--- ABOUT THIS TASK ---
Would you reproduce the whole listing exactly, dropping any pictures it holds?

--- DATA SECTION ---
--
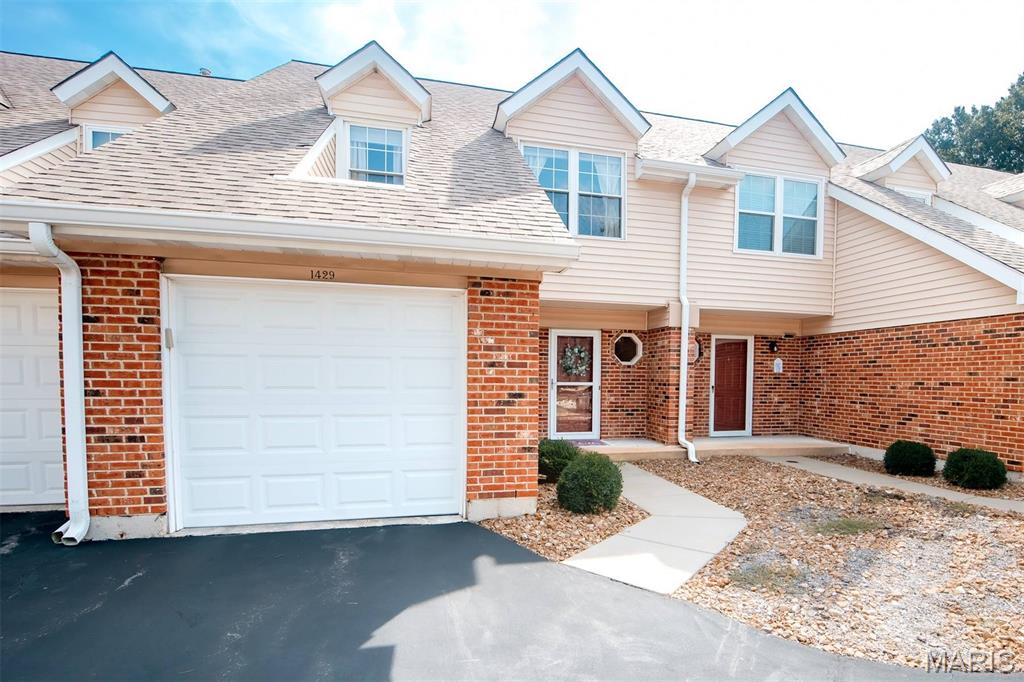 **Low-Maintenance Ballwin Townhome with Attached Garage & Community Amenities!**
Welcome to 1429 Tahoe Valley Court, where comfortable living and low-maintenance convenience come together in this well-maintained 2 bedroom, 2½ bath townhome. Located in a desirable Ballwin community, this home offers a spacious layout, great storage, private outdoor space, and amenities that make everyday living easy. The main level features a spacious living room with a cozy fireplace, creating a comfortable gathering space that flows into the dining area and kitchen. A convenient half bath is also located on the main level. The kitchen offers solid surface countertops, stylish tile backsplash, gas range, pantry, and plenty of cabinet space for storage. Upstairs, the generously sized primary suite offers a private en-suite bath and three closets, giving you exceptional storage space. A second bedroom, full hall bath, and convenient upper-level laundry complete the second floor. Step outside to your private patio overlooking a peaceful, park-like common area, without the maintenance of a large yard. The attached one-car garage provides convenient parking and additional storage, while abundant guest parking makes entertaining easy. The community amenities add even more value! Residents enjoy access to a clubhouse, swimming pool, and tennis courts, while the HOA takes care of water, sewer, trash, snow removal, landscaping, and exterior maintenance. That's truly low-maintenance living! Conveniently located near major highways, shopping, dining, parks, and everyday conveniences, this home puts you close to everything Ballwin has to offer while providing a peaceful place to call home. If you're looking for an updated, comfortable townhome with great amenities, minimal exterior maintenance, and a convenient Ballwin location, this one is worth a look!
**Passed occupancy inspection and ready for its new owner!**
--
--- EXPECTED ANSWER ---
 **Low-Maintenance Ballwin Townhome with Attached Garage & Community Amenities!**
Welcome to 1429 Tahoe Valley Court, where comfortable living and low-maintenance convenience come together in this well-maintained 2 bedroom, 2½ bath townhome. Located in a desirable Ballwin community, this home offers a spacious layout, great storage, private outdoor space, and amenities that make everyday living easy. The main level features a spacious living room with a cozy fireplace, creating a comfortable gathering space that flows into the dining area and kitchen. A convenient half bath is also located on the main level. The kitchen offers solid surface countertops, stylish tile backsplash, gas range, pantry, and plenty of cabinet space for storage. Upstairs, the generously sized primary suite offers a private en-suite bath and three closets, giving you exceptional storage space. A second bedroom, full hall bath, and convenient upper-level laundry complete the second floor. Step outside to your private patio overlooking a peaceful, park-like common area, without the maintenance of a large yard. The attached one-car garage provides convenient parking and additional storage, while abundant guest parking makes entertaining easy. The community amenities add even more value! Residents enjoy access to a clubhouse, swimming pool, and tennis courts, while the HOA takes care of water, sewer, trash, snow removal, landscaping, and exterior maintenance. That's truly low-maintenance living! Conveniently located near major highways, shopping, dining, parks, and everyday conveniences, this home puts you close to everything Ballwin has to offer while providing a peaceful place to call home. If you're looking for an updated, comfortable townhome with great amenities, minimal exterior maintenance, and a convenient Ballwin location, this one is worth a look!
**Passed occupancy inspection and ready for its new owner!**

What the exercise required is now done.